The same is true for your desktop computer. When your computer is self-contained, and you are not sharing the components in a distributed architecture, your computer is much easier to maintain and secure than if you “broke your computer up” into an SOA.
However, take your hard drive and put in the living room and share it with your family, take your memory and do the same, then take every component and create a distributed computer, with components scattered here and there (across the Internet!), you will get less efficient, difficult to maintain and virtually impossible to secure relative to a self-contained application.
It makes no difference, Anne, what the original idea of SOA is, if the idea is to take any application and distribute it across the network into smaller components. The more “spread out” across the network, the more difficult to maintain and secure. This is true for any architecture.
SOA was always envisioned, from Day Zero, to be a distributed architecture of shareable components (as services). Folks have jumped to SOA without understanding the complexity of managing, maintaining and securing cross-organization components, including lifecycle management. Even within an organization, SOA can be very difficult to maintain, secure and manage. This is one reason why SOA ROI, if you consider all the variables, is highly suspect.
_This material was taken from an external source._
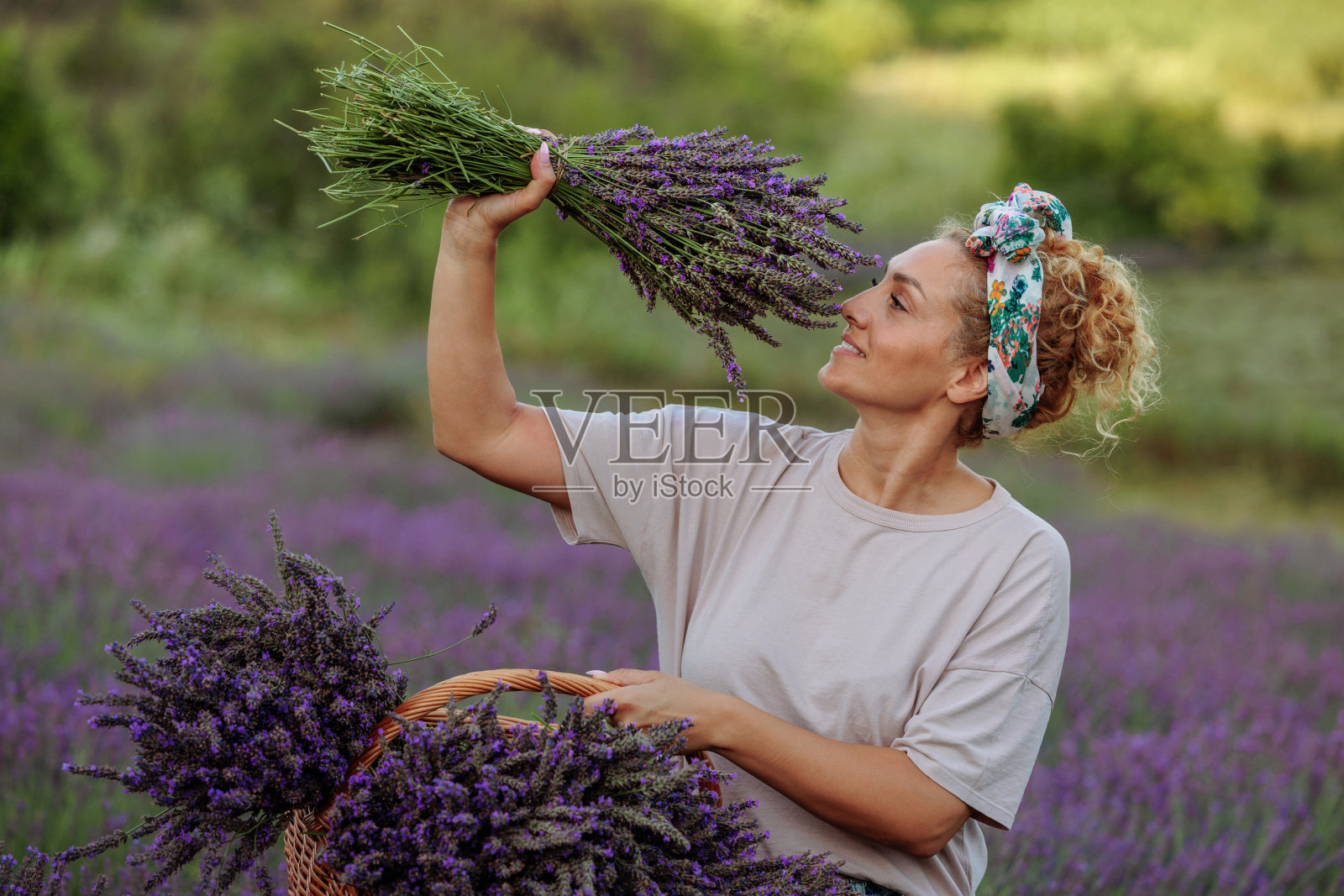 在盛开的田野里欣赏薰衣草的女人照片摄影图片
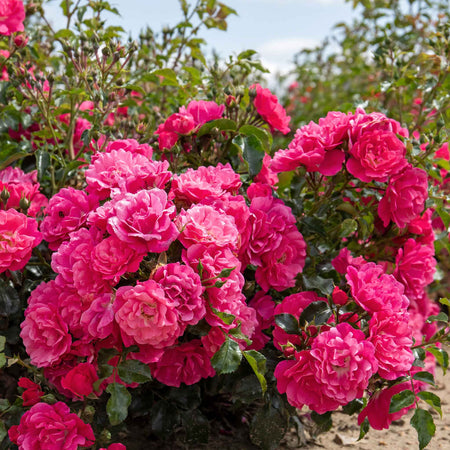 Rose Bush Plant 'Flower Carpet Pink Supreme'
Thanks for stopping by and commenting.
Yours faithfully, Tim
Hey Tim,
Think about an application well designed and developed. By definition, it has well defined decoupled components, that could be used in a certain degree of isolation.
Now think about an on demand process of making some of these components/functionalities available as web services. If this process is carried on in a carefully controled and documented fashion, you could confidently reuse these interoperable functionalities in new applications.
The point here, is that the good application design principles, must not be affected by the intention of making some parts of an application exposed as web services. Otherwise, “the tail is shaking the dog”. Unfortunatly, SOA is commonly misunderstood and sold by some middleware vendors, subverting the old, well established design principles. I hope this kind of SOA is dying.
Hi Bruno,
Yes, I agree. On the other hand, regardless of how you package and position it, all the “well defined, carefully controlled” components translate to increased costs.
There is no way anyone can effectively argue that a decoupled architecture is less costly to secure and maintain than a tightly integrated architecture.
“Good design principles” have an associated cost, and the more distributed,and the more complex, the higher the costs.
Yours faithfully, Tim
Hi Tim,
I tend to agree with Anne on this. In my opinion the problem with SOA is it is one of those terms that has been adopted by marketing departments to sell products rather than promote good design practice.
To critique your suggestion of keeping everything within the same box, this would violate requirements of many large mission critical applications, many of which need redundancy, scaleability and separation of concerns based on functionality and security. SOA at least provides us with a set of guiding principles that allow us to address these needs in a logical and consistent manner.
However, it is not appropriate in all situations, remember the adage “when all you have is a hammer every problem in the world looks like a nail”.
Regards,
Adrian.
Hi Adrian,
Thanks for stopping by!
I have never suggested “keeping everything in the same box”, I have simple pointed out the simple, indisputable fact that breaking apart applications causes myriad problems.
Anne and I both agree that SOA (and a vast majority appear to concur), as defined in the current software market, is dead (or dying), and the future is more on emerging new technologies and approaches, such a CaaS.